A few days ago, we lost Jackie Sparrow, our beautiful black chicken with green shimmers in her feathers, a friendly personality, and the ability to lay a delicious big egg each and every day.
She’s the third chicken we lose, which makes this a particularly difficult blog to write.
Should we stop having chickens until we have progressed with our project and can build a permanent chicken coop, giving up on letting chickens free-range?
Having chickens was one of the things Francois and I were the most excited about as we embarked on our tiny house and farm life, and we did our best to make sure our chickens were both safe and happy.
Francois built a gorgeous mobile chicken coop that has a fully fenced run (even the “floor” is wire fencing to make sure that no predator could dig into our chicken coop from below).

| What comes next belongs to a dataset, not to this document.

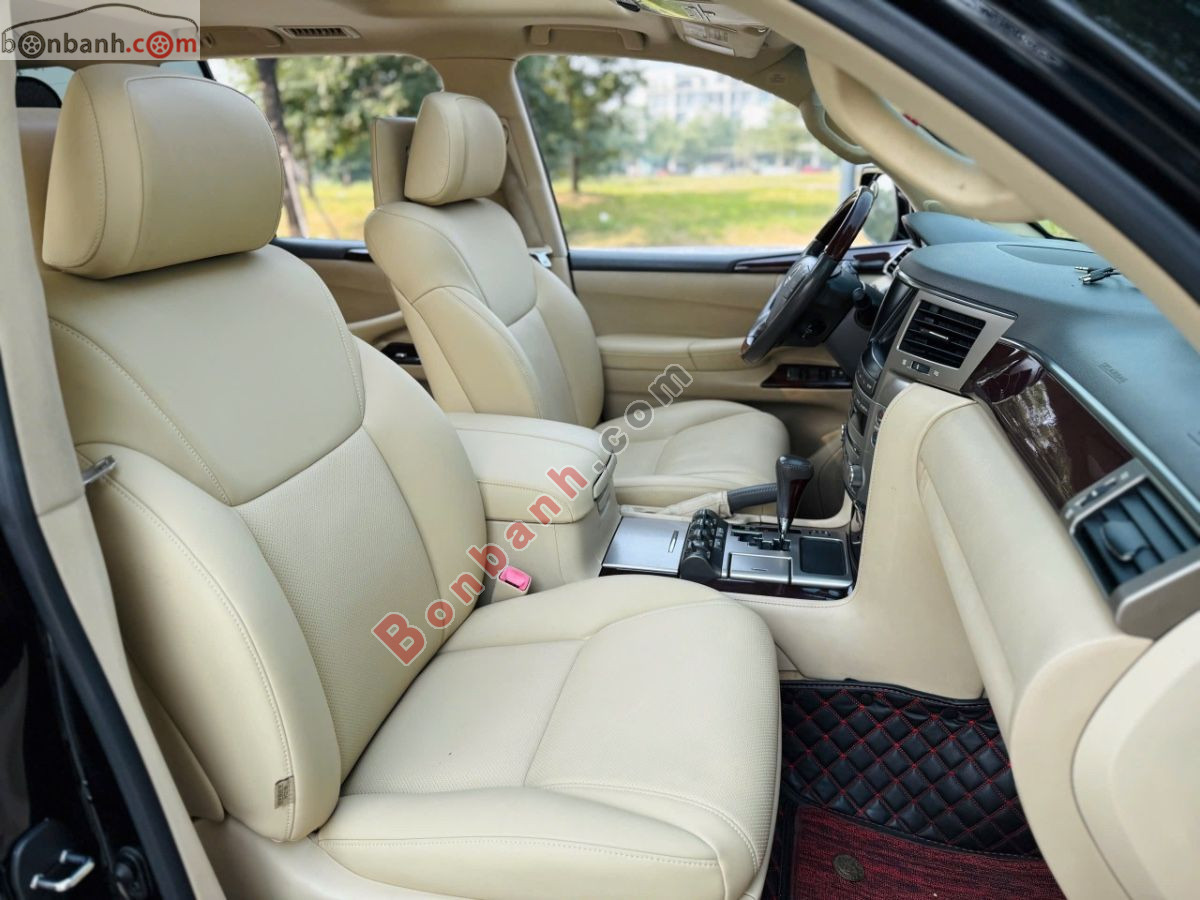 Bán ô tô Lexus LX 570 - 2012 - xe cũ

While we move it around regularly, it is always within eyesight of the tiny house which is where we live and hence our base of operations.
When I get up in the morning, I let the chickens out. They then spend the day free ranging, usually within a reasonable radius of the tiny house – with occasional forays into the compost heap (on the edge of said radius) and the nearby forested area (just outside said radius).
Whenever we leave the property, we bring the chickens back in. Bonus, it involves a bell and chickens running after us (thank you, Pavlov!). We didn’t do that at first, but lost our first bird – legendary Dread Pirate Roberta – one afternoon while we were away. (Technically, we lost our second bird – Rakam the Red – the same way, when a friend was house-sitting and forgot to put the chickens back in the coop before he went out for the afternoon.)
That’s what makes this loss so particularly painful: we were home all day!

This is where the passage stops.